In Query Model, our task is to compute the function $f(x_1,x_2,….,x_n)$ by accessing $x_i$ through quering the orcale. Oracles can be thought of as a ‘black-box’ by which you can access some information regarding the input, we don’t really care about the internal setup in black-box, it can be easily constructed. To access input, algorithm is allowed to query the oracle to get information on input. Hence, the aim of the algorithm is to take minimum queries to compute $f(x)$ on any input $x$.

A quantum Oracle $O_x$ takes qubit $\lvert i \rangle$ where $i\in[n]$ in binary representation and $n\in \mathbb{N}$ and ancilia qubit $\lvert b \rangle$ and gives $\lvert i \rangle$ and $\lvert b \oplus x_i \rangle$ where $x_i$ is the $i^{th}$ bit of input $x$.

$\begin{gather} O_x \lvert i \rangle \lvert b \rangle = \lvert i \rangle \lvert b \oplus x_i \rangle = (-1)^{b*x_i} \lvert i \rangle \lvert b \rangle\ \end{gather}$

This type of oracle is known as bit-flip oracle. It’s simply a unitary reversible mapping of $ (i,b) \mapsto (i, b \oplus x_i)$. Such type of mapping is used beacuse the operations we do in quantum computation should be unitary. An interesting fact, you can easily get back to $(i,b)$ from $(i,b \oplus x_i)$ by simply applying the same oracle $O_x$ to $(i,b \oplus x_i)$ due to the fact that $x_i \oplus x_i = 0$ for any $x_i$.

I wanted to talk about one more oracle known as phase oracle which is widely used in quantum algorithms. You can take this as a special case of bit flip oracle where ancilia qubit is $\lvert - \rangle$ . The qubit $\lvert - \rangle$ is simply $\frac{\lvert 0 \rangle - \lvert 1 \rangle}{\sqrt{2}}$ . If we apply the bit flip oracle in this case, we can observe that the output would just changes the phase of our original state.

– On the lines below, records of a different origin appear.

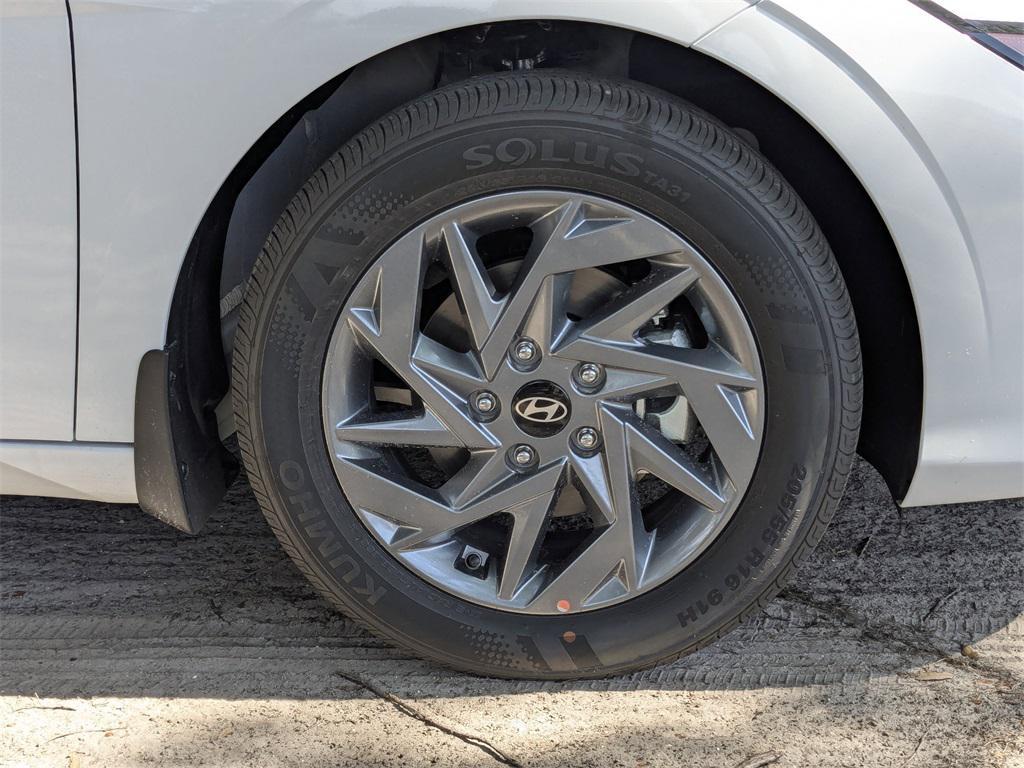 new 2025 Hyundai ELANTRA HEV car, priced at $23,848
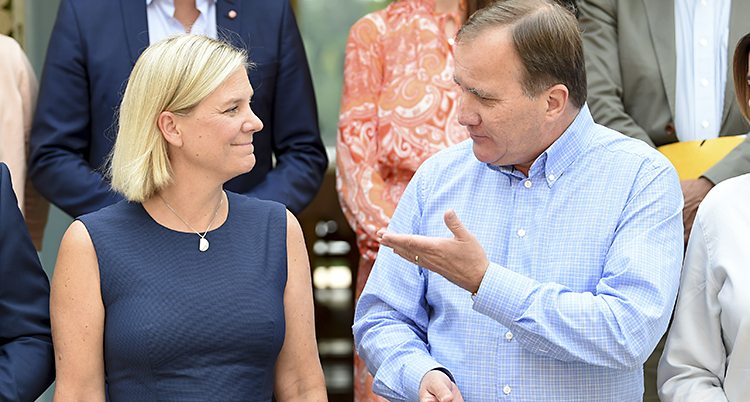 Statsministern pekar med hela handen mot Magdalena Andersson som ser glad ut.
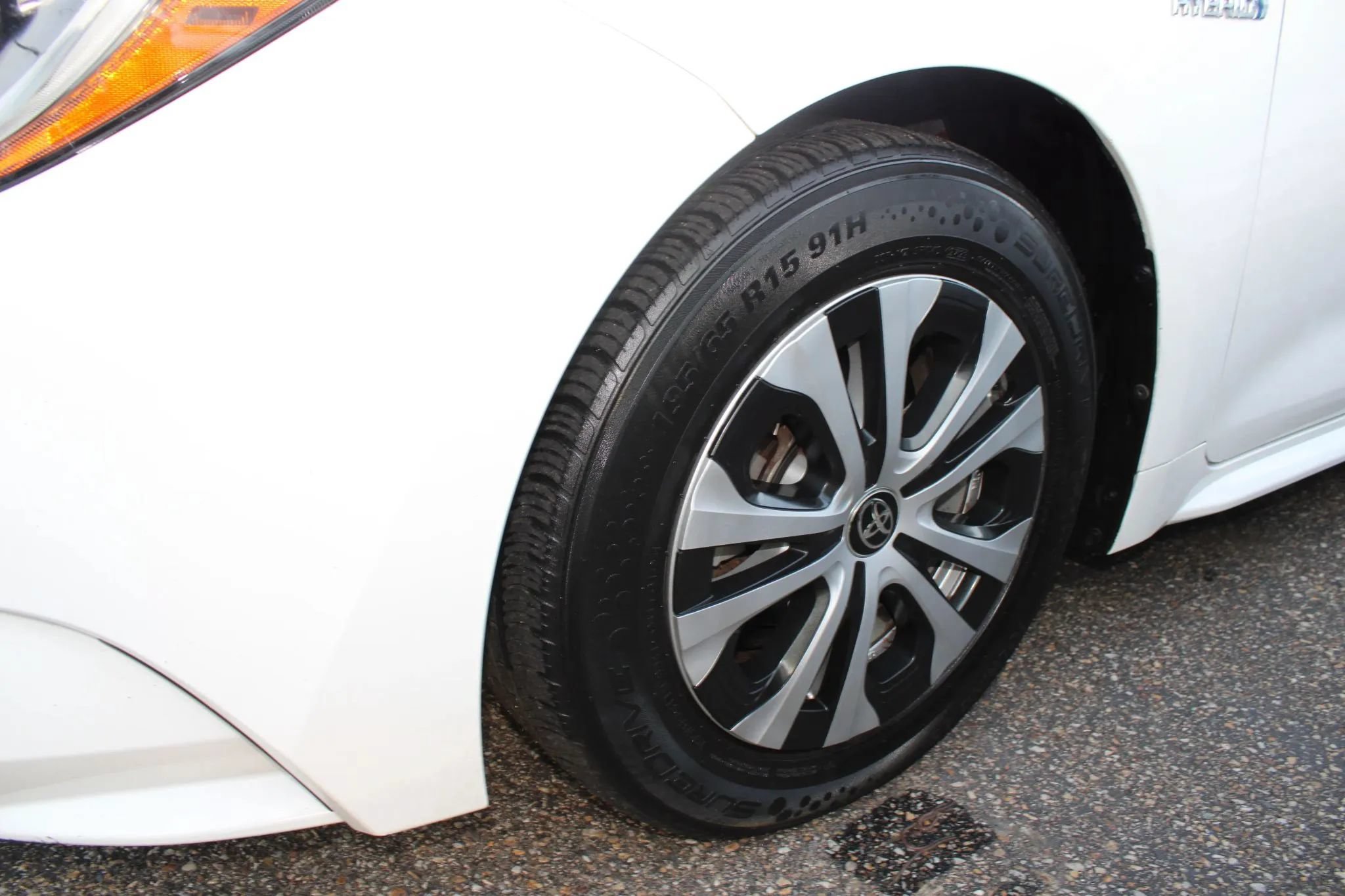Used 2021 Toyota Corolla LE FWD image 30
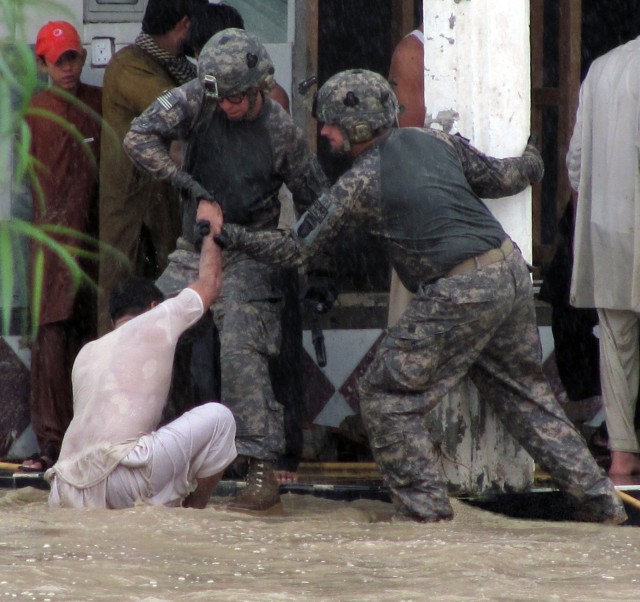 U.S. military in Afghanistan responds to Pakistan flood catastrophe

$\begin{gather} O_x \lvert i \rangle \lvert - \rangle = (-1)^{x_i} \lvert i \rangle \lvert - \rangle \ \end{gather}$

Query Complexity

The query complexity is used in deterministic as well as quantum algorithms. One should note that there is a difference between query complexity of an algorithm and that of a function.

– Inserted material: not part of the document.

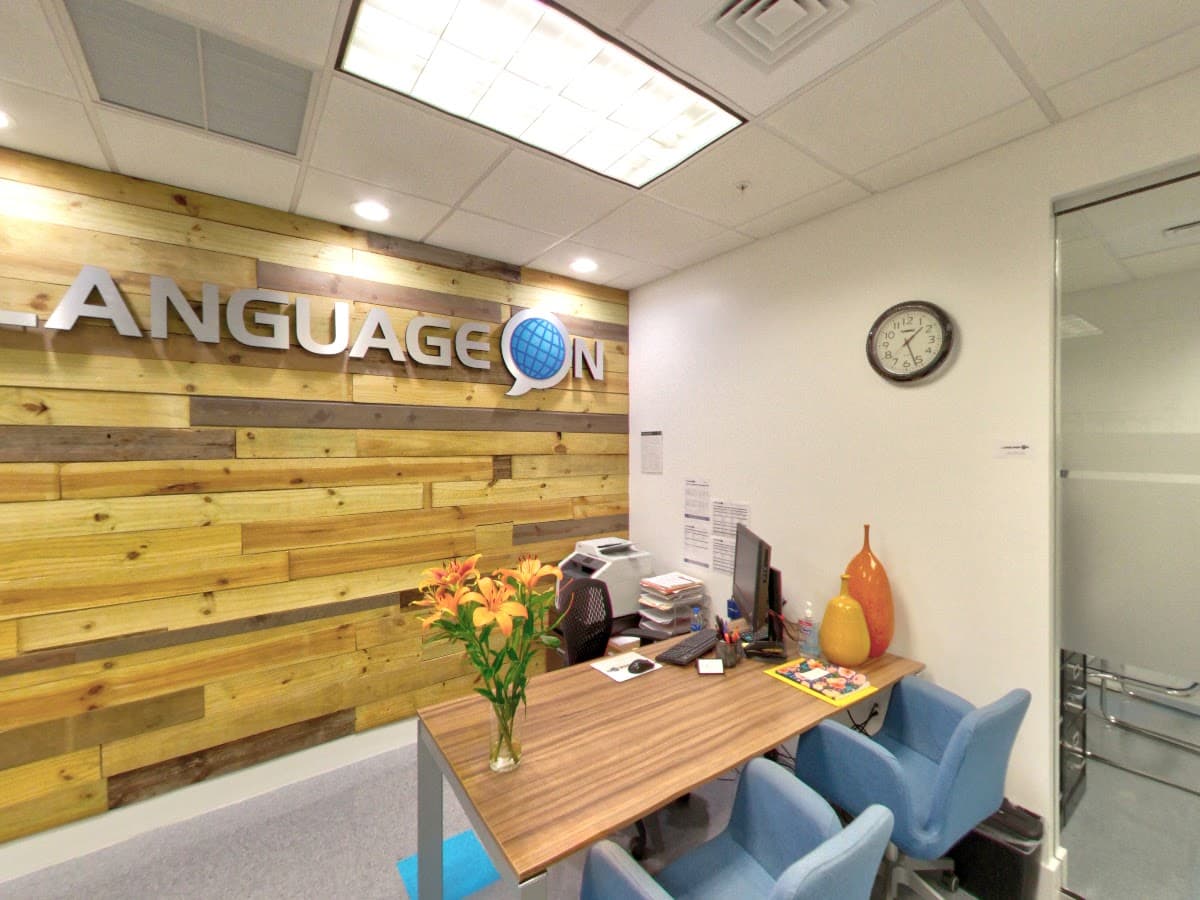 LANGUAGE ON Miami School — foto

The query complexity of an algorithm would be the minimum number of queries that it takes to compute the function $f(x)$ on any input $x$.

The query complexity of a function is the minimum number of queries that an optimal algorithm takes in order to compute function $f(x)$ on any input $x$.

Why Query Model?

Now you might ask, why do we really need to know about query complexity? That’s a valid question to ask. There are couple of reasons that convince us to have an idea about query complexity.

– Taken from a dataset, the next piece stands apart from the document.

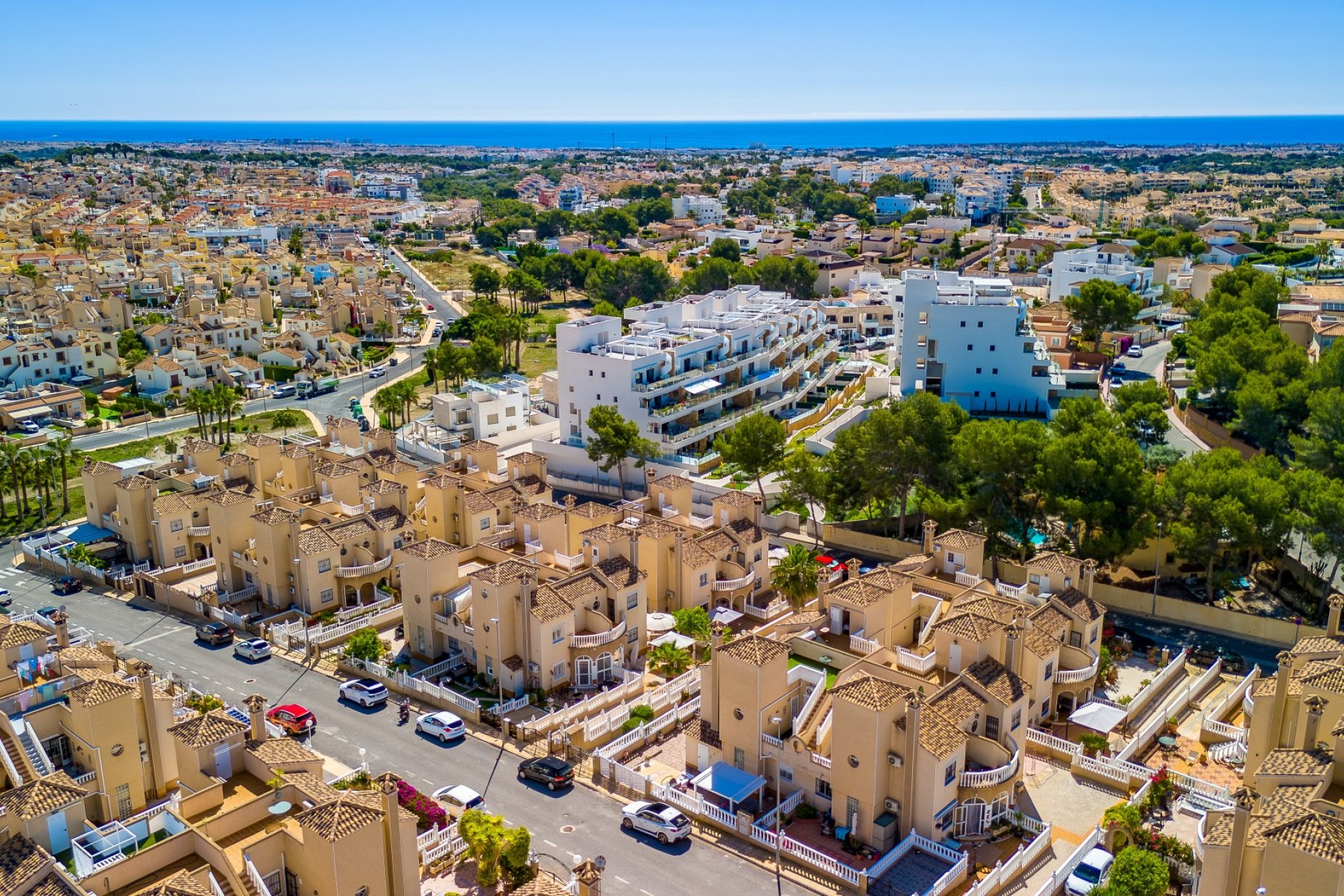 Herverkoop - Villa -
Villamartin - Costa Blanca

Firstly, it’s easy to analyse and a lot of known quantum algorithms like Shor’s algorithm and Grover’s search are based on query model.

Secondly, it gives us a bound on time complexity of an algorithm. Finding the time complexity of a quantum algorithm is a tricky task but it turns out that if we are able to find the query complexity of the algorithm than we know that time complexity is larger than query complexity and hence gets some idea about the time complexity of an algorithm.

Conclusion

So, that’s it! Hope you like the blog :) I am planning to write one more blog on a result “the approximate degree gives a lower bound on quantum query complexity”.